[Records from a data source]
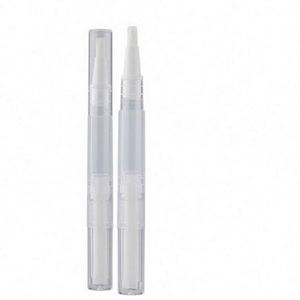 Tubes en plastique personnalisables avec logo, vides, 2 ml, 2,5 ml, 4 ml, 6 ml, pour rouge à lèvres, outils de maquillage, vernis à ongles, sérum, avec bouchon à vis, emballage stylo - Product Image 5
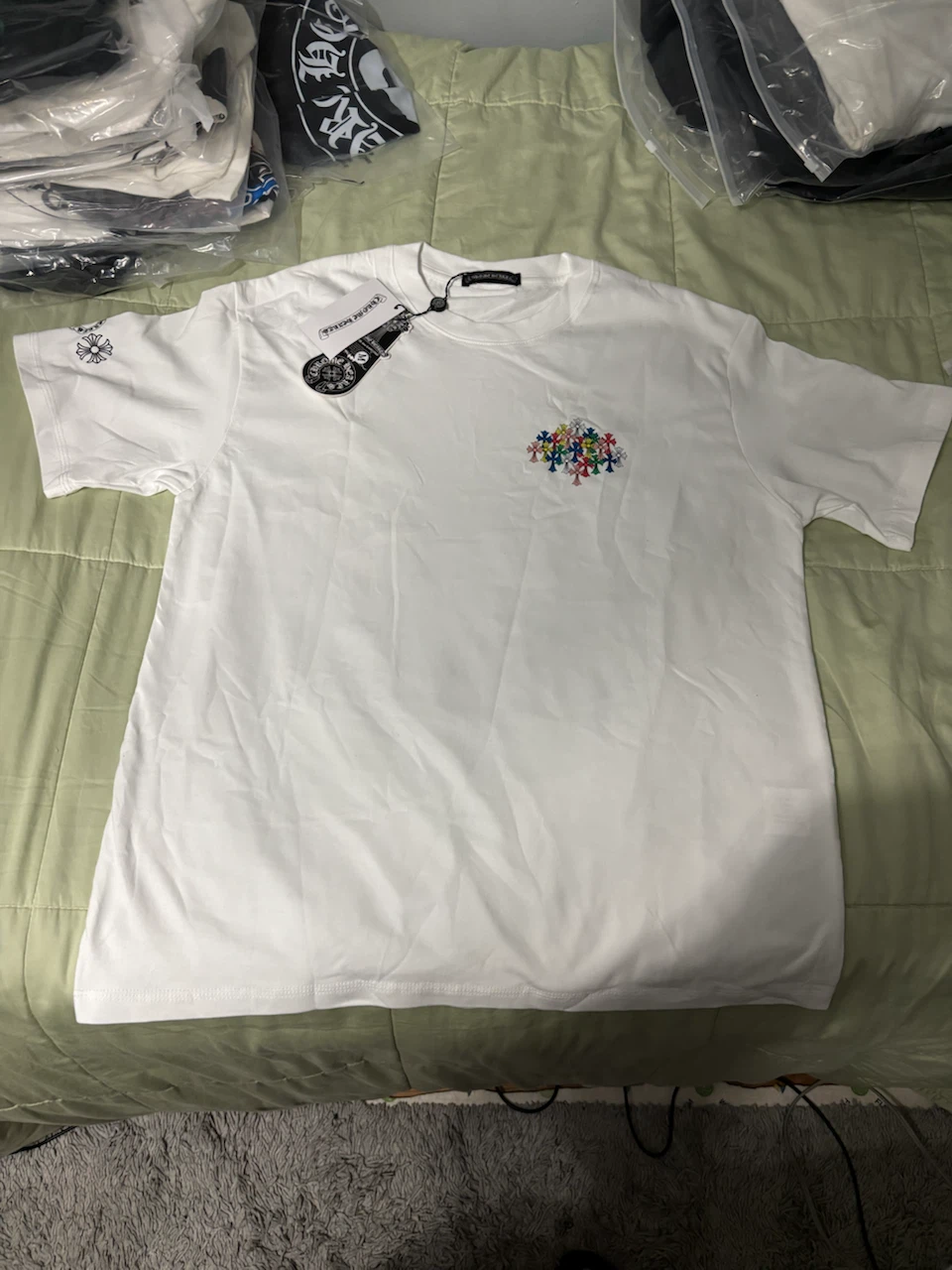 Chrome Hearts Tee SZ M - photo 2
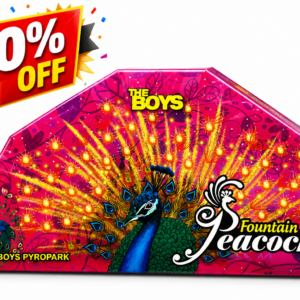Bada Peacock Fountain Fireworks Crackersexpo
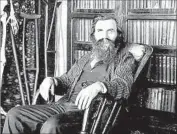  ?? Palmer College of Chiropract­ic ?? D.D. PALMER, who performed the first chiropract­ic adjustment in 1895, was an avid spirituali­st.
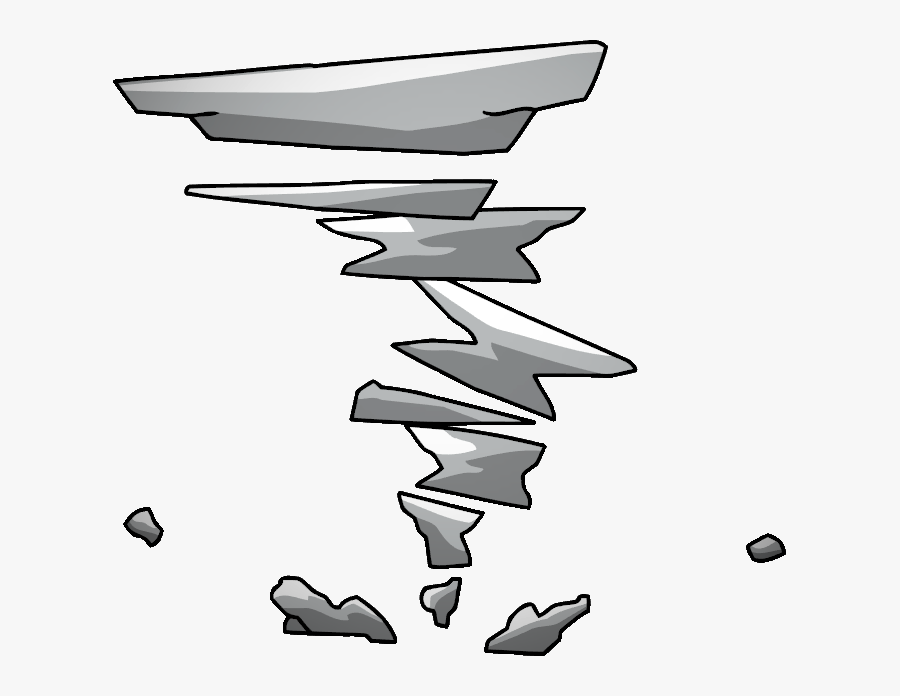 Tornado1 - Scribblenauts Disaster, Transparent Clipart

[WORK REQUIRED] Exactly the lines from the one that contains "Chrome Hearts Tee SZ M - photo 2" through the last line of the records should be set down, and the pictures should be dropped.

[SOLUTION]
 Chrome Hearts Tee SZ M - photo 2
Bada Peacock Fountain Fireworks Crackersexpo
  ?? Palmer College of Chiropract­ic ?? D.D. PALMER, who performed the first chiropract­ic adjustment in 1895, was an avid spirituali­st.
 Tornado1 - Scribblenauts Disaster, Transparent Clipart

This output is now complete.